We offer comprehensive security assessments as standalone consulting engagements, or embedded within a security architecture improvement project. Comprehensive assessments span people and the organization, processes and procedures, and security technologies. The table below lists examples of security domains we cover.
We can conduct assessments of a security program against the NIST Cybersecurity Framework, ISO 27001, COBIT, or a combination. Our own library of over 400 security controls – which have been been mapped to the NIST, ISO, and COBIT control sets – provide us with a large number of interview questions and evaluation criteria.
We work with clients up front to determine what level of depth and project methodology makes most sense for their situation and budget. With all assessments, our consultants pose questions to probe into our assessment criteria up to a point appropriate to the client’s level of maturity in the domain, and to discover related risk indicators. This enables us to provide a proritized gap analysis.

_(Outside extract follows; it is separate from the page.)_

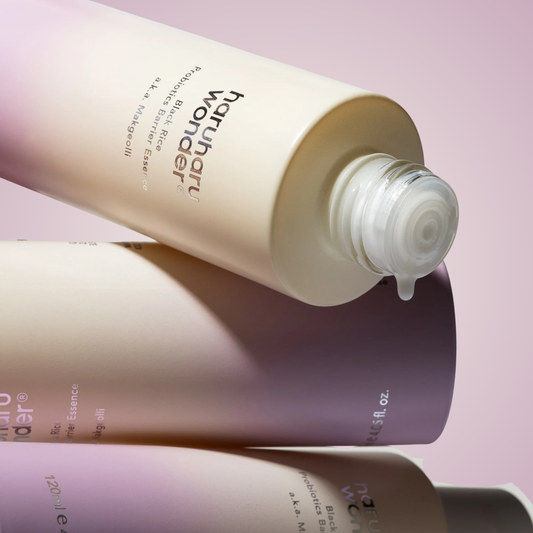 Closeup of haruharu wonder Black Rice Probiotics Barrier Essence – vegan essence for smoother, balanced, and nourished skin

We have a standard set of tools we use for comprehensive assessments as well as focused assessments and custom or specialized assessments. Where necessary we work with clients to prepare tailored assessment questionnaires and interview schedules. After conducting a series of interviews and rolling up the results for client review, we generate a draft report, take comments, and provide a final report.
We can offer onsite assessment workshop delivery, or a combination of online and onsite workshops. Workshops combine informational presentations and group facilitation methodologies with our standard assessment service elements. For example, we could facilitate a brainstorming or team-building day for security stakeholders with an assessment service and/or we could tailor our criteria to vary the level of coverage for specific security domains.
We deliver a “Current State Assessment and Gap Analysis” identifying these findings on program-wide and domain-by-domain level. We prioritize and cluster the gaps by domains, and provide a preliminary roadmap with recommendations for closing the gaps to support developing a business case for program improvement. After an assessment, we offer an optional support package through our trusted adviser program, or flow forward into an architecture engagement.